*Requirement*.
Skip the images. Copy the records exactly as written.

*Supplied entries*.

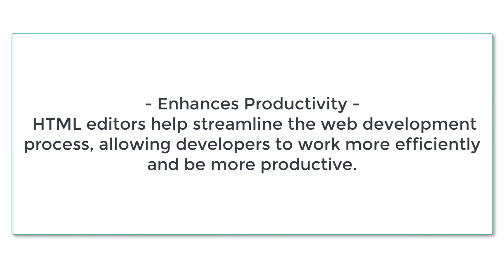3. Enhances productivity. HTML editors help streamline the web development process, allowing developers to work more efficiently and be more productive.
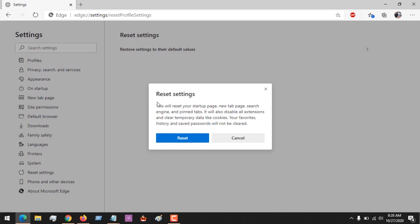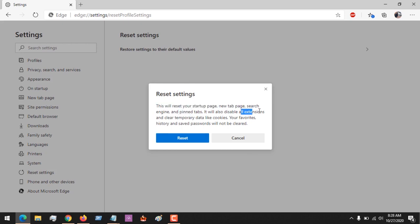So this dialog will come out. It tells you that this will reset your startup page, new tab page, search engine, and pinned tabs. It will also disable all extensions and clear temporary data like cookies. Your favorites, history, and saved passwords will not be cleared.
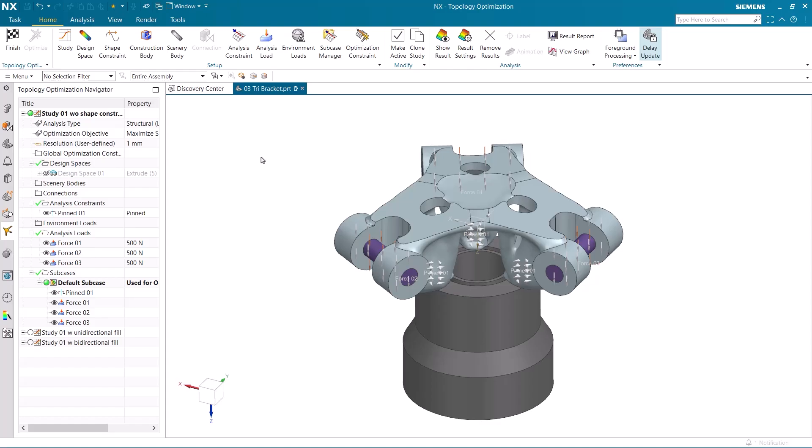Hi, I'm Seth Rotenberger, and today I'm going to show you how to utilize shape constraints in topology optimization to achieve optimized results that are more in line with different types of manufacturing processes.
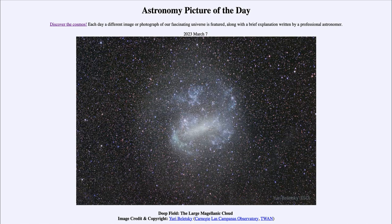In this image we get to see the Large Magellanic Cloud in a very deep exposure, showing that it does have a central bar and hints of spiral structure. That was our picture of the day for March 7th of 2023, titled 'Deep Field: The Large Magellanic Cloud.' We'll be back again tomorrow for the next picture, so until then have a great day everyone and I will see you in class.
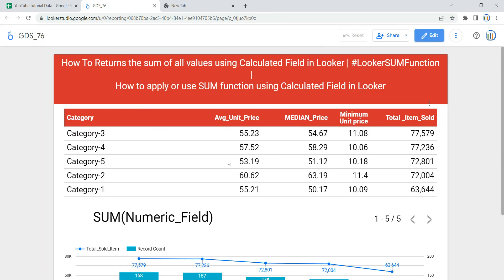Now that we have successfully applied the SUM function using a calculated field, you might wonder how this SUM function works. This SUM function takes all the values of the numeric field and, based on the grouping of your data in your table or visualization, it adds those values at a group level. One important note: while using this SUM function in Looker, it cannot be used with an aggregated field or the result of another aggregation function.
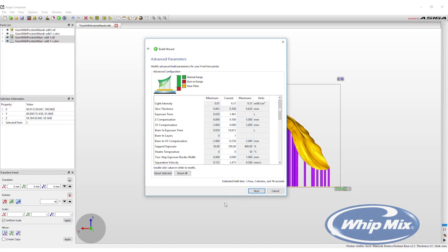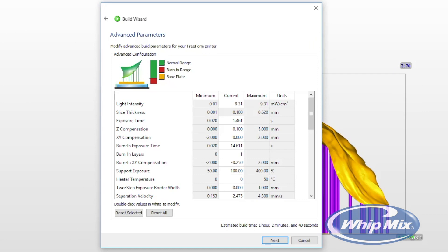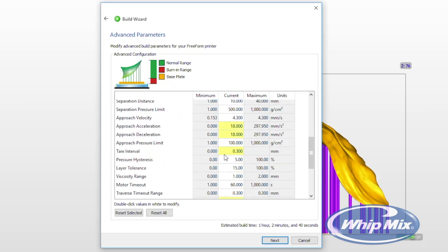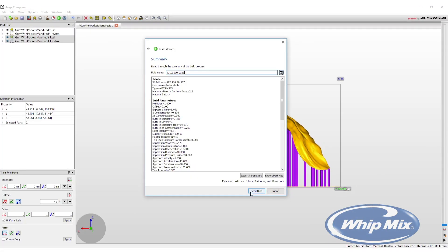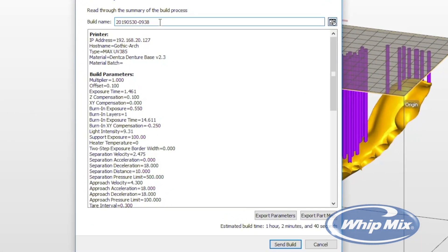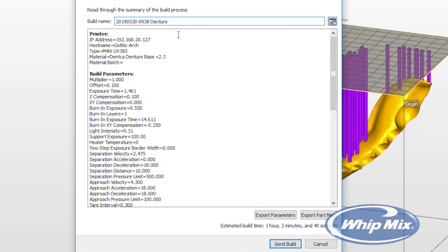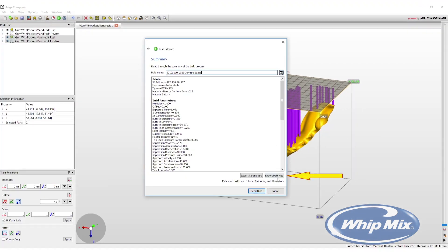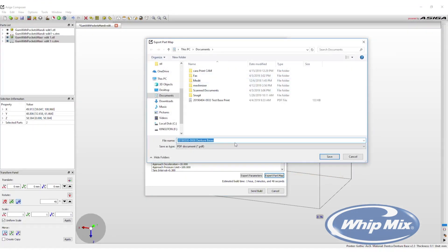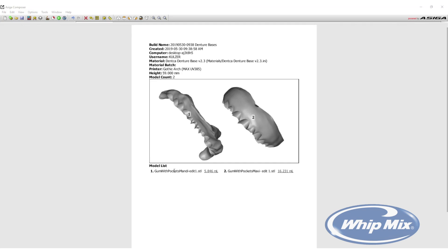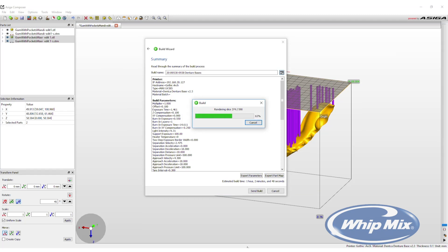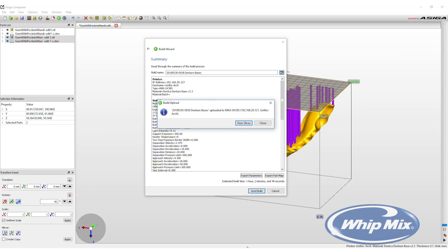The advanced parameters window will open, allowing changes to any aspect of the print. Numbers highlighted in yellow indicate that Fast Print Mode is activated. These settings will normally never have to be changed. After selecting Next again, a summary page appears where the print job can be named — the default name is the time and date. The name can be changed to the user's preference. This page also has the option to export the part map, a PDF summarizing the current print job. Finally, click Send Build. The computer will take the three-dimensional images, create them into slices or layers, and submit them to the printer.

*Answer*.
3. Enhances productivity. HTML editors help streamline the web development process, allowing developers to work more efficiently and be more productive.
So this dialog will come out. It tells you that this will reset your startup page, new tab page, search engine, and pinned tabs. It will also disable all extensions and clear temporary data like cookies. Your favorites, history, and saved passwords will not be cleared.
Hi, I'm Seth Rotenberger, and today I'm going to show you how to utilize shape constraints in topology optimization to achieve optimized results that are more in line with different types of manufacturing processes.
In this image we get to see the Large Magellanic Cloud in a very deep exposure, showing that it does have a central bar and hints of spiral structure. That was our picture of the day for March 7th of 2023, titled 'Deep Field: The Large Magellanic Cloud.' We'll be back again tomorrow for the next picture, so until then have a great day everyone and I will see you in class.
Now that we have successfully applied the SUM function using a calculated field, you might wonder how this SUM function works. This SUM function takes all the values of the numeric field and, based on the grouping of your data in your table or visualization, it adds those values at a group level. One important note: while using this SUM function in Looker, it cannot be used with an aggregated field or the result of another aggregation function.
The advanced parameters window will open, allowing changes to any aspect of the print. Numbers highlighted in yellow indicate that Fast Print Mode is activated. These settings will normally never have to be changed. After selecting Next again, a summary page appears where the print job can be named — the default name is the time and date. The name can be changed to the user's preference. This page also has the option to export the part map, a PDF summarizing the current print job. Finally, click Send Build. The computer will take the three-dimensional images, create them into slices or layers, and submit them to the printer.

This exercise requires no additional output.